En France, nous consommons en moyenne 13,2 kg de chocolat par foyer et par an[1], soit plus d’une tablette par semaine. Or, le prix payé aux cacaoculteurs et cacaocultrices ne pèse que 11% du coût total d’une tablette de chocolat[2]. Ce plaisir bénéficie ainsi principalement aux négociants de cacao et aux grandes marques de chocolat, au détriment de celles et ceux qui produisent le cacao et de l’environnement.
La pauvreté endémique de la grande majorité des producteurs et productrices de cacao est à la racine de tous les maux socio-économiques et environnementaux de la filière : déforestation, travail des enfants, appauvrissement des sols, destruction de la biodiversité, abandon de la culture cacaoyère.
Les entreprises du secteur et les pouvoirs publics doivent agir et répondre aux attentes des producteurs d'atteindre un revenu vital[3], clé de voûte d’une filière durable et d’un chocolat respectueux des droits humains et de la planète.
Le 11 mai 2023, des organisations de producteurs et productrices d’Afrique de l’Ouest ont organisé un Sommet sur le revenu décent dans le secteur du cacao qui a rassemblé une centaine de représentants de l’industrie, des gouvernements producteurs et consommateurs, pour débattre des moyens de garantir que la filière assure un revenu vital à celles et ceux qui produisent le cacao.
À l’agenda : comment mettre en place de bonnes pratiques agricoles, instaurer des pratiques d’achat responsables et créer un environnement politique favorable au revenu vital dans le secteur du cacao.
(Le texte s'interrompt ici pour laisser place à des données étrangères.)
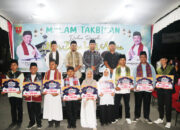 Gema Takbir dan Cahaya Obor Semarakkan Malam Idul Adha di Lubuk Basung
En conclusion, les producteurs et productrices ont formulé des demandes très claires adressées aux acteurs du secteur et aux autorités publiques pour une filière du cacao durable qui rémunère décemment les premiers maillons de la chaine.
Le 1er octobre, journée internationale du cacao, est l’occasion d’interpeller l’industrie du chocolat et les pouvoirs publics pour qu’ils prennent les mesures nécessaires et urgentes afin de garantir des prix justes et un revenu vital à celles et ceux qui produisent le cacao, et leur permettre d'investir dans des techniques de production pour régénérer la fertilité des sols et lutter contre la déforestation.
Parmi les près de 2 millions de cacaoculteurs et cacaocultrices en Côte d’Ivoire et au Ghana, les deux premiers pays producteurs mondiaux, jusqu’à 90% ne touchent pas un revenu vital[8]. De la cacaoyère au supermarché, la valeur ajoutée produite par la transformation de la fève de cacao en tablette de chocolat échappe largement à ceux et celles qui la produisent, qui est captée à 80% par les transformateurs, fabricants et distributeurs[2].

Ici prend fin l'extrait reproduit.